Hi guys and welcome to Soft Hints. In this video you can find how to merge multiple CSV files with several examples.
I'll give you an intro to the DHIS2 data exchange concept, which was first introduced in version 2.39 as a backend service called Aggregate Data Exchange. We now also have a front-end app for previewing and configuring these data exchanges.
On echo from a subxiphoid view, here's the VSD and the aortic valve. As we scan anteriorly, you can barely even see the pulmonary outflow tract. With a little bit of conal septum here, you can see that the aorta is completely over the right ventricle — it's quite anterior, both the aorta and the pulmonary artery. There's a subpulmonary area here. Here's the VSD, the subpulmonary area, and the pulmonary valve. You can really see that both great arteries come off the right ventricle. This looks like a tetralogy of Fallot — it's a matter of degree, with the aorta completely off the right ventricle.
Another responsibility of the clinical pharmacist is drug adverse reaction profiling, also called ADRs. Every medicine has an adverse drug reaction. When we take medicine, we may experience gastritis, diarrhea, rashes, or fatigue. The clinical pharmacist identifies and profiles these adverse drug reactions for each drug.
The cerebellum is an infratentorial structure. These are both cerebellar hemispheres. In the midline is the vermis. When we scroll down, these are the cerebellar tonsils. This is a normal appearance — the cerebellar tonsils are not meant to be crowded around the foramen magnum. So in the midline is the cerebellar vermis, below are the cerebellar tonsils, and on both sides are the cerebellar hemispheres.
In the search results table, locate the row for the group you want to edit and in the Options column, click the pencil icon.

# # # #

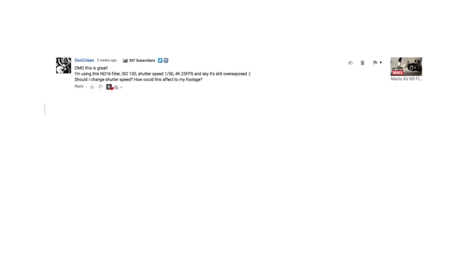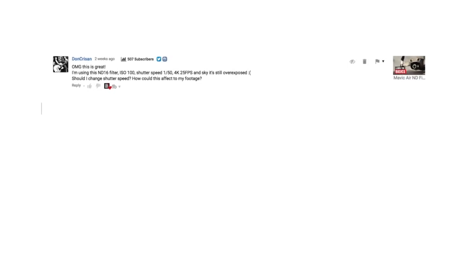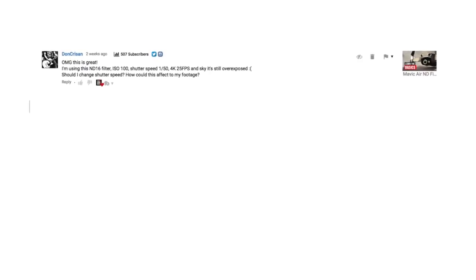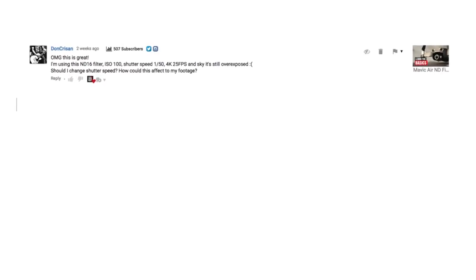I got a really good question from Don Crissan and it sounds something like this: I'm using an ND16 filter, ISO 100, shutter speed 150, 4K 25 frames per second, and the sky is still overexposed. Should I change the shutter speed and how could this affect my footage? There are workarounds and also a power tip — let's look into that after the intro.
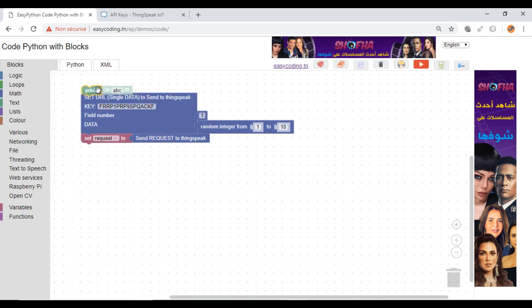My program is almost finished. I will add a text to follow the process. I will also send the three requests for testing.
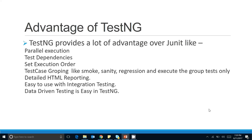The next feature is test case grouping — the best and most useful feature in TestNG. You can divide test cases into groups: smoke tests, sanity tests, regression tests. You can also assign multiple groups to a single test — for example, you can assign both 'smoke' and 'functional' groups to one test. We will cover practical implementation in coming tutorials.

# # # #

- Task to complete -
From the entries above, extract only the lines running from the one containing "Hi guys and" through the one containing "I'll give you", inclusive.

- Answer section -
Hi guys and welcome to Soft Hints. In this video you can find how to merge multiple CSV files with several examples.
I'll give you an intro to the DHIS2 data exchange concept, which was first introduced in version 2.39 as a backend service called Aggregate Data Exchange. We now also have a front-end app for previewing and configuring these data exchanges.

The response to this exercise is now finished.